Westlake Chemical Partners (WLKP) has recently suffered from IRS confusion, creating an interesting opportunity for investors.   In the next six months, I think investors have an upside opportunity of 50% upside in the best case, 25% upside in a base case, and limited downside risk.

Background:

Westlake Chemical Partners is a limited partnership formed in early 2014 to operate ethylene facilities for Westlake Chemical (WLK).  WLK created the structure assuming that the MLP structure would create value for WLK stock (through IDR and GP interest), provide tax shelter for income, and provide acquisition currency for growth initiatives.  WLKP purchased 10.6% of Westlake Chemical Opco LP in August of 2014 as part of the WLKP IPO. 

WLKP operates 3 facilites, Petro 1, Petro 2, and Calvert City.  Petro 1 has 1.25b lbs of ethane feedstock capacity, Petro 2 has 1.49b lbs of flexible feedstock capacity (ethane, propane, butane, naptha).  Calvert City has 630m lbs of ethane or propane feedstock capacity. 
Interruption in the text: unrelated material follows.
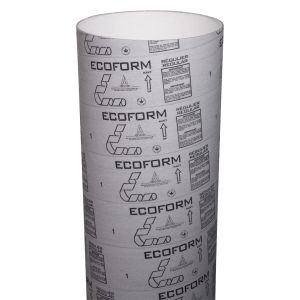 Tube de coffrage ECOFORM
WLKP and WLK have an operating agreement through 2026 that requires WLK to purchase 95% of the ethylene production of Opco  at cost plus 10 cent per pound rate.  Opco sells the remaining 5% of its production to third parties.  Margins on third party sales are running now ~25 cent per pound, down from near 40 cent per pound, down as ethylene margins have come down with crude. 
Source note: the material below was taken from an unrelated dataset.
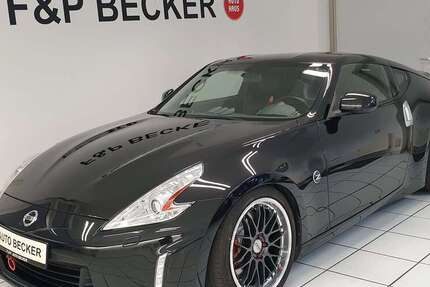 Nissan 370Z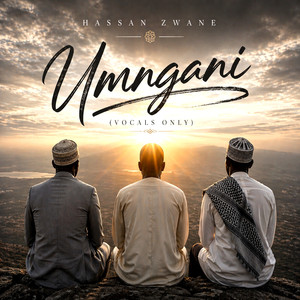 Mngani (Vocals Only)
WLKP had a long term growth plan driven by organic capacity expansions at existing facilities, drop downs of the remaining 90% of Opco assets, third party acquisitions by WLKP or WLK, and increases in contract margin with WLK (e.g., 10cent to 11cents per pound).  This was intended to drive consistent quarterly increases in distributions and double digit annual growth rates in distributions.

On April 29, 2015, WLKP increased its holdings of Opco to 13.3%.  Also, on April 29th, WLKP declared a quarterly distribution of $0.2829/unit, up from $0.275/unit in February.  As it traded at $28.80/unit, WLKP was yielding 3.9%.
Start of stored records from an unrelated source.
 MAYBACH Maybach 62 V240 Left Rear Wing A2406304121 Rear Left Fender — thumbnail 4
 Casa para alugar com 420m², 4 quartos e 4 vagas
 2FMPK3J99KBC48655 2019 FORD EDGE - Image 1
New IRS Proposal and Selloff:

On May 5, 2015, the IRS issued proposed regulations governing MLPs including interpretations of what activities in the processing and refining of natural resources qualified.  The contradicted a previous private letter ruling provided to WLKP that established ethylene production as qualifying income.

The proposal provided for a 10 year transition period for partnerships like WLKP that previously received private letter rulings.  In addition, a 90-day comment period was provided for industry participants to discuss the proposal before final rules are established.

WLKP sold off substantially since the proposal.  The stock dropped more than 30% from $28.80 to under $20/unit.  WLK dropped more than 10% in the same period, losing more than $1b of value.

 

Scenarios:

From here, there are 3 scenarios that play out for WLKP, listed in decreasing probability order.

Scenario 1, and most likely outcome in my view, is that the IRS proposal becomes the rule.  In this case, the long-term viability of WLKP is clearly impaired, and WLKP stops being a strategic tool for WLK.  Instead, WLKP becomes an unnecessary complication and share overhang for WLK and there is little likelihood WLKP can be used to help finance future WLK growth.  WLK made comments along these lines recently at a Wells Fargo investor conference (5/6/2015), suggesting that WLK shares never benefited from the MLP structure with WLKP and now are being penalized for it.  The company suggested that if the proposal became the rule, “we’ll look at options to maximize values to both Westlake and its shareholders and the partnership and its unit holders.” 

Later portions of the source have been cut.